Vor Jahren war es noch ein politisches Ziel der Sozialdemokraten, alle Bereiche der Gesellschaft mit Demokratie zu durchfluten. Und vor einigen Jahrzehnten kritisierten die Sozialdemokraten noch die undemokratische Struktur der Bezirksverwaltungen mit den von Landeshauptmanns Gnaden eingesetzten Bezirkshauptleuten.
Mit Recht wird in der Verwaltungsreform der Abbau von Entscheidungsebenen in der Schulverwaltung gefordert. Mit der Abschaffung der Bezirksschulräte wurde jedoch ein falscher Weg eingeschlagen. Sie waren zweifellos die Behörden mit der größten Schulnähe und damit am besten informiert über gesellschaftliche und wirtschaftliche Verhältnisse in der Region. Die reformierten Bezirksschulräte hätte man allerdings mit größeren Entscheidungsbefugnissen ausstatten müssen. Man hätte ihnen auch die Verwaltungsagenden für die mittleren und höheren Schulen im Bezirk zuordnen müssen. Als Bundesbehörde wäre der Bezirksschulrat das wesentliche Vollzugsorgan der bildungspolitischen Entscheidungen auf Bundesebene gewesen, vergleichbar mit den neuen Bildungsdirektionen. Die Landesschulräte hingegen wären verzichtbar gewesen.

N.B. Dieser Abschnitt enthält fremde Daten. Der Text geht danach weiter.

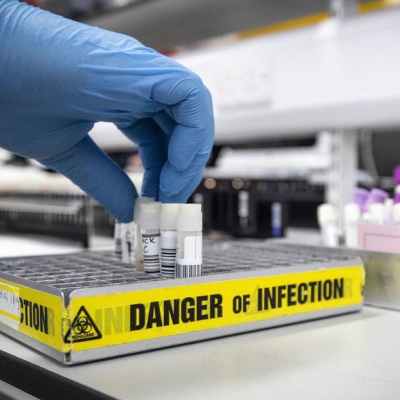 OMS: Todos los países deben compartir sus datos sobre el origen del covid-19 para no "politizar" la investigación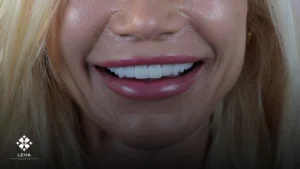 tooth extraction process and aftercare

Die Entwicklung ist nicht reversibel. Nach der Abschaffung der Bezirksschulräte ist es daher wesentlich, dass die Landesschulräte als Kollegialorgane neuer Art erhalten bleiben. Die vorgesehenen Bildungsdirektionen mit sehr weitgehenden Befugnissen brauchen ein politisch repräsentatives Kollegialorgan zur Mitwirkung bei der Entscheidungsfindung und zur Vollzugskontrolle vor Ort. Dieses Kollegialorgan sollte den Vorsitzenden aus seiner Mitte wählen. Den Bildungsdirektor sollte jedenfalls das zuständige Regierungsmitglied bestellen.
Eine Trendumkehr ist bei der SPÖ leider nicht zu bemerken. Daher nochmals und zusammenfassend: Die Entdemokratisierung schreitet voran. Gelobt wird dies häufig als ein Zeichen einer Entpolitisierung. Doch Demokratie ist ohne Politik nicht zu haben. Politik ist Interessenvertretung und Auseinandersetzung mit anderen Positionen und Sichtweisen. In diesem Sinn ist jeder verantwortungsbewusste Staatsbürger ein Politiker. Die Forderung nach Entpolitisierung kann daher vor allem zwei Wurzeln haben. Entweder ist die Macht der politischen Entscheidung bereits - oder noch - in einer Hand. Oder man möchte die politische Auseinandersetzung und Entscheidungsfindung durch mediale Meinungsmache ersetzen. Für die Einsparung einiger budgetärer Mittel ist die Entdemokratisierung ein zu hoher Preis.